▸ **TASK BRIEF**: The reply should contain every line of the data, repeated exactly, and no pictures.

▸ **MATERIAL PROVIDED**:
------------------------------

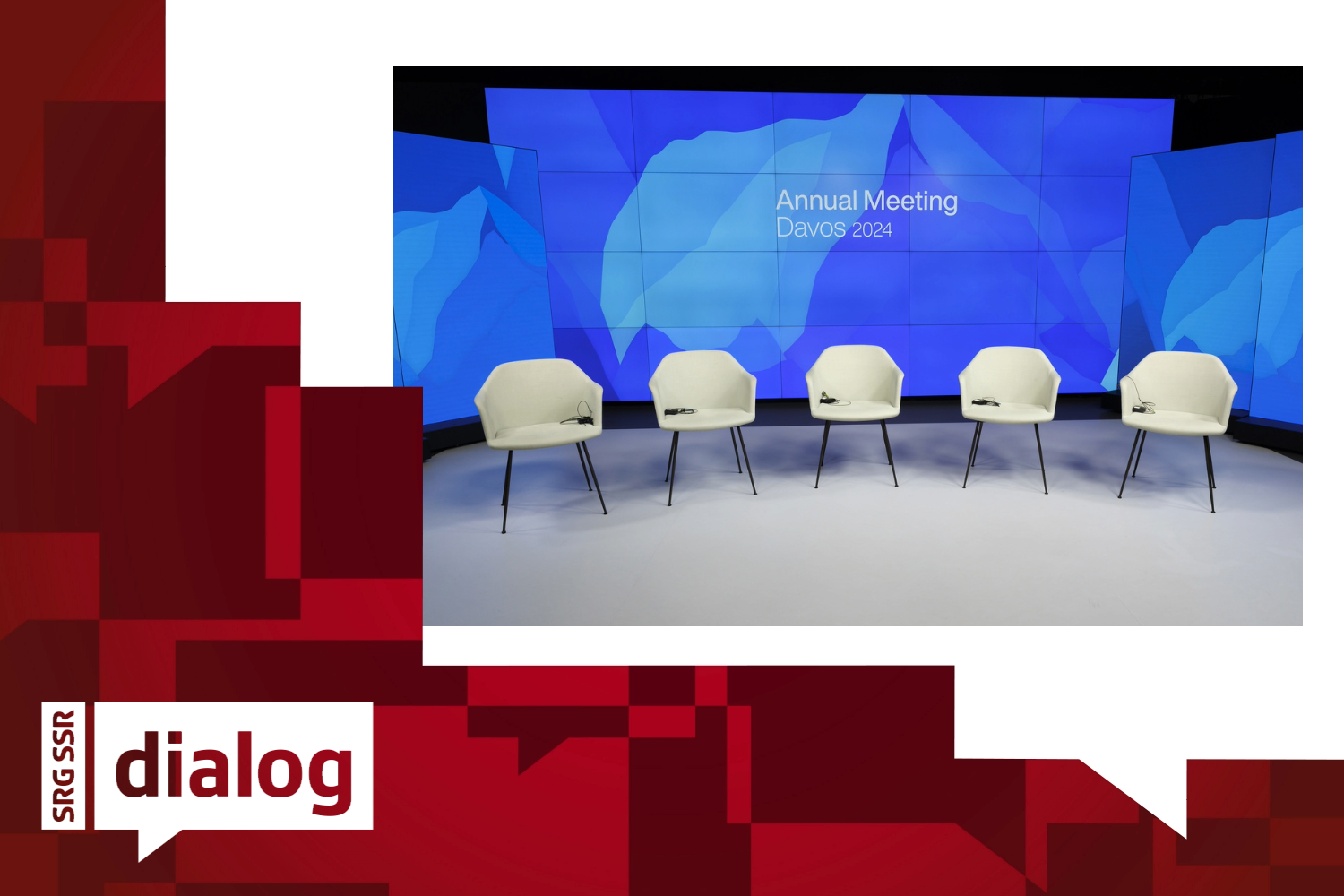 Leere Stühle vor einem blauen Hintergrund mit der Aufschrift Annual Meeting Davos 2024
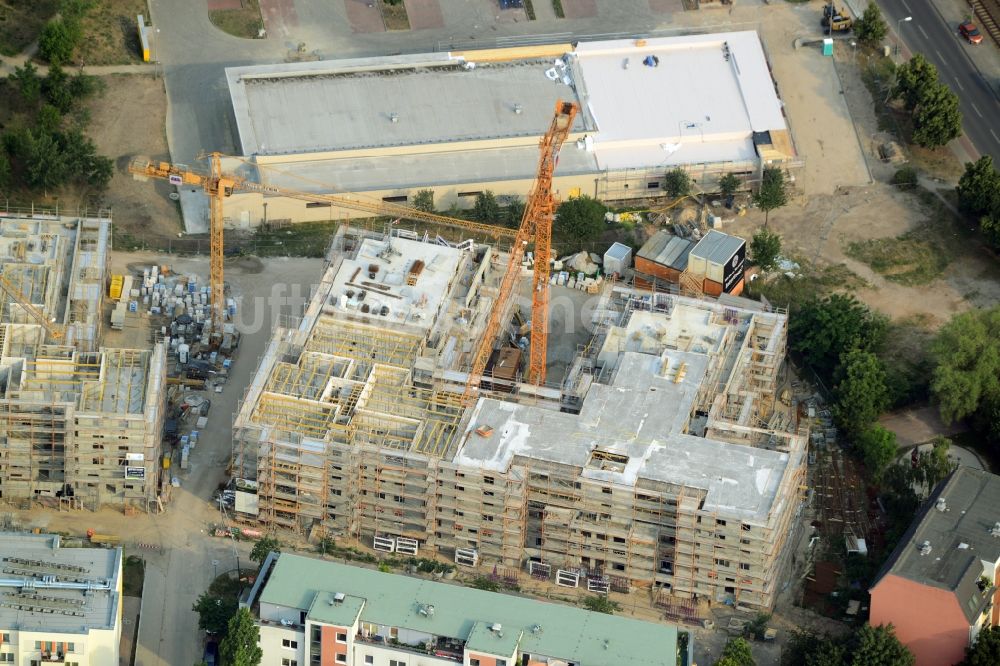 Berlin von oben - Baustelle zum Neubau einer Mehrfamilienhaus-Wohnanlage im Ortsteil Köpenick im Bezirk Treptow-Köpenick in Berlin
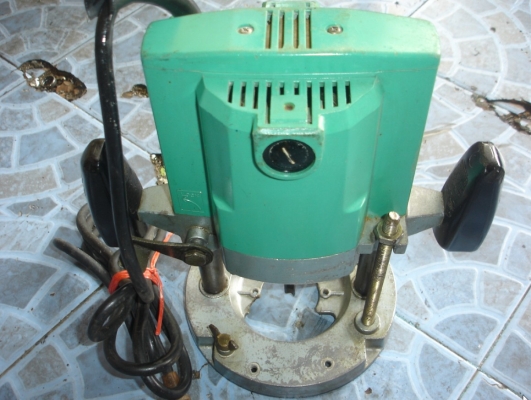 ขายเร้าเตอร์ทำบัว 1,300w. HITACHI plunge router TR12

------------------------------

▸ **REPLY TO THE EXERCISE**:
 Leere Stühle vor einem blauen Hintergrund mit der Aufschrift Annual Meeting Davos 2024
 Berlin von oben - Baustelle zum Neubau einer Mehrfamilienhaus-Wohnanlage im Ortsteil Köpenick im Bezirk Treptow-Köpenick in Berlin
 ขายเร้าเตอร์ทำบัว 1,300w. HITACHI plunge router TR12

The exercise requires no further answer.